The key difference here is MOVEMENT.
A stationary child is perfection. They sit, they smile, they let you clean without interference. Heavenly.
A moving child is a nightmare on legs. They run, they destroy, they undo everything you do the second after you did it.
When you have a five month old who sits and smiles, it’s quite easy to keep a nice clean home. It’s understandable how you could walk into a friend’s house and judge her and her Lord of the Flies children. ‘How hard is it, Melissa? You filthy broad.’
Give her a break. Poor old Melissa has moving children.
When your child starts to move, you won’t stand a chance of keeping things tidy. Even if you removed every item from your home and lived in an empty shell, your child would smuggle in rocks from outside and scatter them around like tiny shards of rebellion digging into the soft underbelly of your poor, tender feet.
We’ve established that children enjoy the putting of all the things on the floor. Children also spill things. All the things. Even things with lids will somehow find a way to spill. Food, drinks, nappies. All on the floor. They also love to break things and rub filthy hands on things and lick ALL THE THINGS.
It’s adorable of you to think you’d be able to keep on top of it. That every time something was put on the floor, you’d be there to grab it and put it back in its rightful place.
Let’s imagine that universe.
Your only job is to replace what your child has pulled out. You cannot go to the toilet. You cannot make food. You cannot turn your head. You cannot do a damned thing all day except put away what your child has pulled out.

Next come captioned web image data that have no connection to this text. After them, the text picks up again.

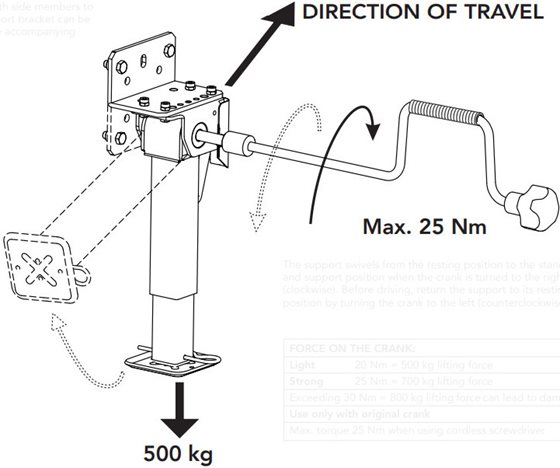 PODPORY STABILIZUJĄCE SAWIKO 33-53cm 500kg 2szt.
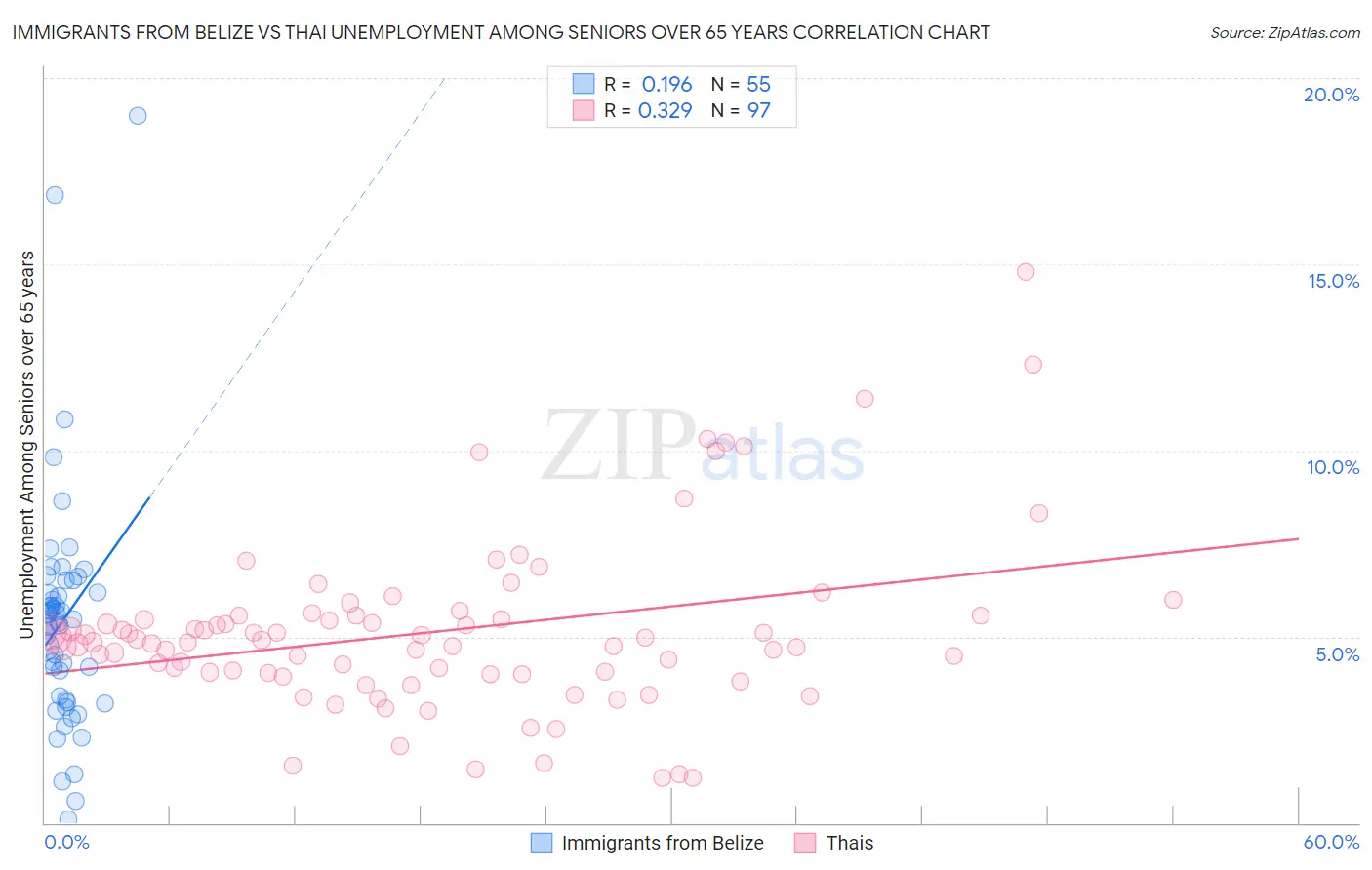 Immigrants from Belize vs Thai Unemployment Among Seniors over 65 years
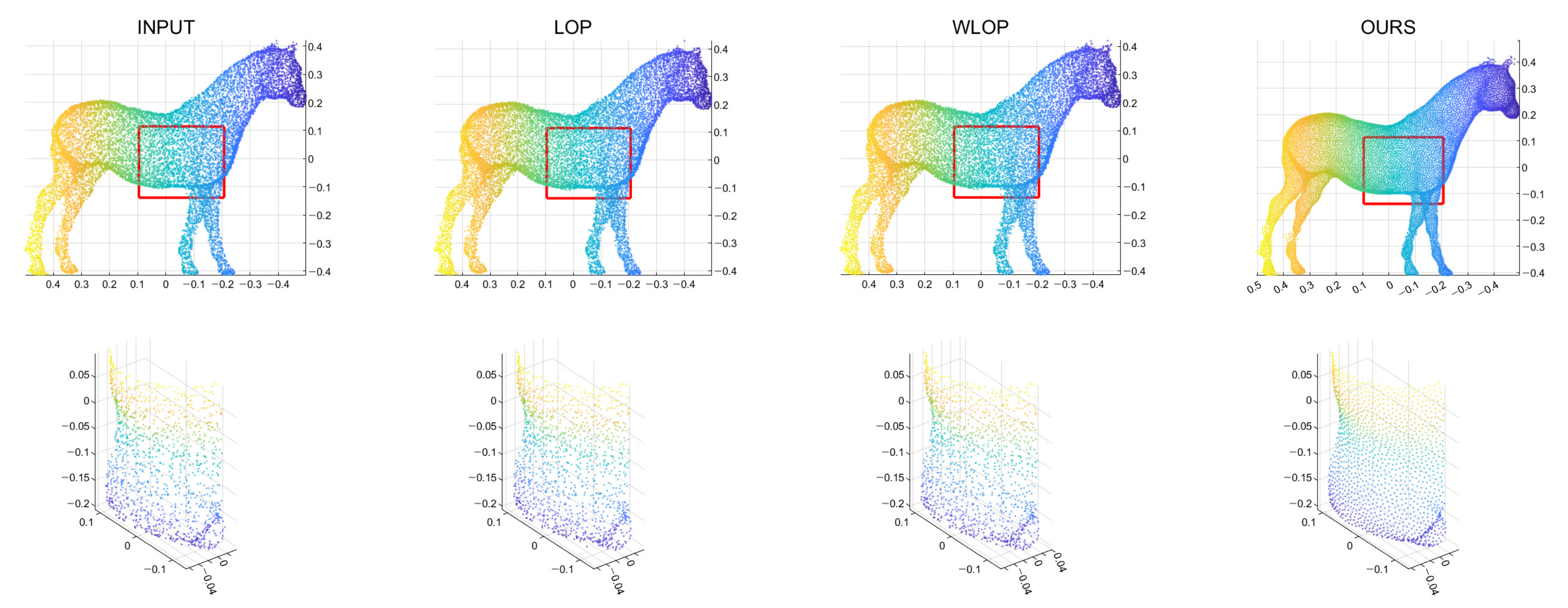 Sensors 21 07768 g006 550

At some point in the day you leave some of the things for a few minutes so you can get something else done. You’ll get back to it later, you tell yourself. But later comes and your child drops his nappy, and a turd rolls onto the kitchen floor. Obviously, that takes priority. So you deal with that while he pulls out some more things.
A little bit later, you try to get back to the tidying, but your child is hungry. And tired. And demands a ball you don’t even own, and screams at you for 24 minutes. And the phone rings. And later never comes. And by the time he goes to bed, he’s created seventeen times more mess than you started with, and you have a little sob, grab a glass of wine and sit down to watch TV because you’ve earned it.
And this is why our homes look like a scene from Lord of the Flies. Unless we have people coming over, and then we throw everything into a washing basket and chuck it in a garage or cupboard five minutes before they arrive. Tada!